Abstract
The availability of accurate medication history information is invaluable for making sound therapeutic decisions. The Continuity of Care Document (CCD) could serve as a mechanism for exchanging interoperable medication information between EHRs. We evaluate the feasibility of representing a medication and its underlying components in a Healthcare Information Technology Standards Panel (HITSP) compliant CCD. Our evaluation resulted in successfully mapping 94% of medication entries and greater than 92% of medication component mappings to CCD constraints. We identify gaps and provide recommendations for improving the representational adequacy of the Federal Medication Terminology (FMT) to fully represent orderable medication concepts.
Introduction
Incomplete medication histories contribute to over a quarter of all hospital prescribing errors.1, 2Accurate and complete medication histories can prevent possible adverse drug events (ADEs)and improve patient safety.1
Medication history information is often distributed across disparate sources. The fragmented nature of the healthcare system necessitates distribution of medication history information among providers, retail pharmacies, pharmacy benefit managers (PBMs), and patients. Automated extraction of information, across entities could allow a more complete and accurate estimation of the patient’s medication history.
The federal government has endorsed standards to allow interoperable exchange of medication history information. As part of the Medicare Modernization Act (MMA) of 2003, the Centers for Medicare and Medicaid Services (CMS) have mandated the use of the National Council for Prescription Drug Programs (NCPDP) SCRIPT Version 8.1 standard for Medicare Part D beneficiaries. This standard allows connectivity between providers, retail pharmacies and pharmacy benefit managers (PBMs). However, interoperability among EHRs remains a challenge and limits the ability to share information between healthcare settings. 3
The CCD offers a possible solution for interoperable medication history exchange between EHRs as well as PHRs. The Certification Commission for Health Information Technology (CCHIT) has endorsed the use of the Continuity of Care Document (CCD) as its standard for clinical document exchange. The 2008 CCHIT certification criteria require EHRs to demonstrate the ability to file and display, as well as generate Continuity of Care Documents (CCDs) formatted to the Healthcare Information Technology Standards (HITSP) C32 specifications.4, 5 Prior to the introduction of the CCD as certification criteria, very few EHRs in the United States have used the CCD in a HITSP compliant manner. While the CCHIT mandate will expedite adoption, the relative newness of the standard calls for actual field testing to examine utilization for specific use cases for health information exchange.

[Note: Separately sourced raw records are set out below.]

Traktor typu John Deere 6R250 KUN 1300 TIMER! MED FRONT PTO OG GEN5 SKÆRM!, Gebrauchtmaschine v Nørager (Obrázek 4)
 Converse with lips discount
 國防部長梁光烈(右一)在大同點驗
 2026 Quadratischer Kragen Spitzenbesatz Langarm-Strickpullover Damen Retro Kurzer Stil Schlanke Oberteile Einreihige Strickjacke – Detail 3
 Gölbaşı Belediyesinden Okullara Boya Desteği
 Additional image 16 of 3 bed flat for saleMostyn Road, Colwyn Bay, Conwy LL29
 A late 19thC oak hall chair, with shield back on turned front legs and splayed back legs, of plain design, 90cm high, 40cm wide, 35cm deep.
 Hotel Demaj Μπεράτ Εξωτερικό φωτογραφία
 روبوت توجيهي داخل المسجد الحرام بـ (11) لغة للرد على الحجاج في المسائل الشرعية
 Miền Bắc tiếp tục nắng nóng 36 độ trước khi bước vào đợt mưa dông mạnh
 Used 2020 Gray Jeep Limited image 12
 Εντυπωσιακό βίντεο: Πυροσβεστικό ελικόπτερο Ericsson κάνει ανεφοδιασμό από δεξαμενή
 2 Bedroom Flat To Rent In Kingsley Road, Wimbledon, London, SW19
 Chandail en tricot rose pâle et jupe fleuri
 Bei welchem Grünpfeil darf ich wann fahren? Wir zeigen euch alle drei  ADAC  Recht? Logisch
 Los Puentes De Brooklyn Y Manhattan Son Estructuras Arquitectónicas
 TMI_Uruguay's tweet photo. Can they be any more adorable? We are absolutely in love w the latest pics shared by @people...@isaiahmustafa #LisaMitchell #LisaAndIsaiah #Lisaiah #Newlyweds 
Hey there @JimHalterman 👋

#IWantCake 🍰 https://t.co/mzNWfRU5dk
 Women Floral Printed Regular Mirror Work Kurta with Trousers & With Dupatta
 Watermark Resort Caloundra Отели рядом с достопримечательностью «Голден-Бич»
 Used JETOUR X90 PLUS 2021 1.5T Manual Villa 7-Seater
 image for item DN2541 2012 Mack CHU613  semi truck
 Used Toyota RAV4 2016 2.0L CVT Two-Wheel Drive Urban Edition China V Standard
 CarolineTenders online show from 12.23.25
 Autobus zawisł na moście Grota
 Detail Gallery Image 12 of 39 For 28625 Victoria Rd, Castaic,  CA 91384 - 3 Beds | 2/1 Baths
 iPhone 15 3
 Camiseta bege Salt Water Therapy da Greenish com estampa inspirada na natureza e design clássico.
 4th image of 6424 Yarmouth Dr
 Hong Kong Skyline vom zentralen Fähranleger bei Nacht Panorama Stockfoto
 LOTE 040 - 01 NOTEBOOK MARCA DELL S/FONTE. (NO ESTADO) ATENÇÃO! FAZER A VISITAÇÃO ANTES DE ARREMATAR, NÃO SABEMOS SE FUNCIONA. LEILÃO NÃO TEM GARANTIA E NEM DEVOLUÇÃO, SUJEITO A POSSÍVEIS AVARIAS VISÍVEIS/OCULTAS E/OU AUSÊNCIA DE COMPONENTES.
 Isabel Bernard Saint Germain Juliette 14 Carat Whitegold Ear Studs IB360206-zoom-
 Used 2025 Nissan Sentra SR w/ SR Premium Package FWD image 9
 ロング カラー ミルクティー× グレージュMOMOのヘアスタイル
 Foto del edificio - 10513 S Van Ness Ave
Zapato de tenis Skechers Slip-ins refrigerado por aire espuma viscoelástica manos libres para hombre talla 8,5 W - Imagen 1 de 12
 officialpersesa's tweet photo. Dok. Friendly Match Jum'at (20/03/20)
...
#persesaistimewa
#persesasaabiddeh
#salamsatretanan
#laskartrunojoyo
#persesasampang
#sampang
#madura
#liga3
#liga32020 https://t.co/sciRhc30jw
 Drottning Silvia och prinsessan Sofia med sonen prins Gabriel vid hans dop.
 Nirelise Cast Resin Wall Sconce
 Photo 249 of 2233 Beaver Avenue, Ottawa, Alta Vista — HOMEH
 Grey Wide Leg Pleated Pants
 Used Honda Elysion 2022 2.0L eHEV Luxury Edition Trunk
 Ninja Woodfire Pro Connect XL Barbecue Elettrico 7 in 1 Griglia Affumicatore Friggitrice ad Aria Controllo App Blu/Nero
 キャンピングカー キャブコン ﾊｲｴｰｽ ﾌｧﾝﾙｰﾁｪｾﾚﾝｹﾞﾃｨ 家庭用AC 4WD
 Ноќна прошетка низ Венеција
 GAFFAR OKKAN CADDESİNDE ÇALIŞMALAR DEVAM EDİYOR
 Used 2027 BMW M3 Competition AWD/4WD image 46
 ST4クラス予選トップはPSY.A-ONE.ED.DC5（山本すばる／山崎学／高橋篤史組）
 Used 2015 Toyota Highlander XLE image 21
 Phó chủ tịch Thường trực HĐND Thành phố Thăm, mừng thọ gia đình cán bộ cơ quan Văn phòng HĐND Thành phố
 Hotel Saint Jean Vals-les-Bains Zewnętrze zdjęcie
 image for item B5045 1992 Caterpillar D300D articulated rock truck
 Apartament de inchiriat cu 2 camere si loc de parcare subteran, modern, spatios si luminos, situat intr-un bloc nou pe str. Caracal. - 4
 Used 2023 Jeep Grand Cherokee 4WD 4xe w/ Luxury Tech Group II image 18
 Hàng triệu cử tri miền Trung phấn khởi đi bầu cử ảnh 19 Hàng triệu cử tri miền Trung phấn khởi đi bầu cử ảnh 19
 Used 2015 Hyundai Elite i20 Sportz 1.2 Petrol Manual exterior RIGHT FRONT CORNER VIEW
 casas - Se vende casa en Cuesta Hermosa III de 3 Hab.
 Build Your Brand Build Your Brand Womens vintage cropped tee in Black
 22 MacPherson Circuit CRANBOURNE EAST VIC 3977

In this pilot study, we evaluate the ability of the CCD, for the specific purpose of exchanging medication history information. Additionally, we examine the comprehensiveness and representational adequacy of the underlying terminologies in the CCD for expressing a medication order, which includes both the medication concepts and the signatura or ‘sig’ components (route, frequency, dose, dose units). We provide recommendations for strengthening this emerging standard and possibly narrowing the gap towards seamless interoperability.
Background
This study was conducted as part of a larger effort at Partners Healthcare to bring together disparate sources of medication history for a patient, for the purpose of medication reconciliation. In 2006, Partners implemented an in-house medication reconciliation application called Pre-Admission Medical List (PAML), at two Academic Medical Centers, Brigham and Women’s Hospital (BWH) and Massachusetts General Hospital (MGH).6, 7. The PAML application allowed reconciliation of medications upon admission, by allowing the provider to extract medication history from our outpatient EHRs and discharge medications from our inpatient CPOE systems. To extend our medication reconciliation capabilities, across disparate EHRs and in the future to our PHR we needed an interoperable mechanism for, as a first step, exchanging medication information and in the future, problems, allergies, etc. to facilitate decision support.
The CCD was developed through the joint effort of two existing information exchange standards the Health Level 7’s (HL-7) Clinical Document Architecture. (CDA) and the ASTM’s Continuity of Care Record (CCR). The goal of the CCD was to employ the flexible CDA structure to express the CCR data for interoperable information exchange. In order to achieve this interoperability, HITSP constrains the expression of clinical data using the standard vocabularies in the FMT. The FMT represents a collection of terminologies including the National Library of Medicine’s (NLM) RxNorm for clinical drugs, the Food and Drug Administration’s (FDA) Unique Ingredient Identifiers (UNIIs) for ingredient name, the FDA’s Dosage Form, FDA Route of Administration, Unified Code for Units of Measure (UCUM) for dose units of measure, and the Department of Veterans Affairs’ National Drug File – Reference Terminology (NDFRT) for drug classes.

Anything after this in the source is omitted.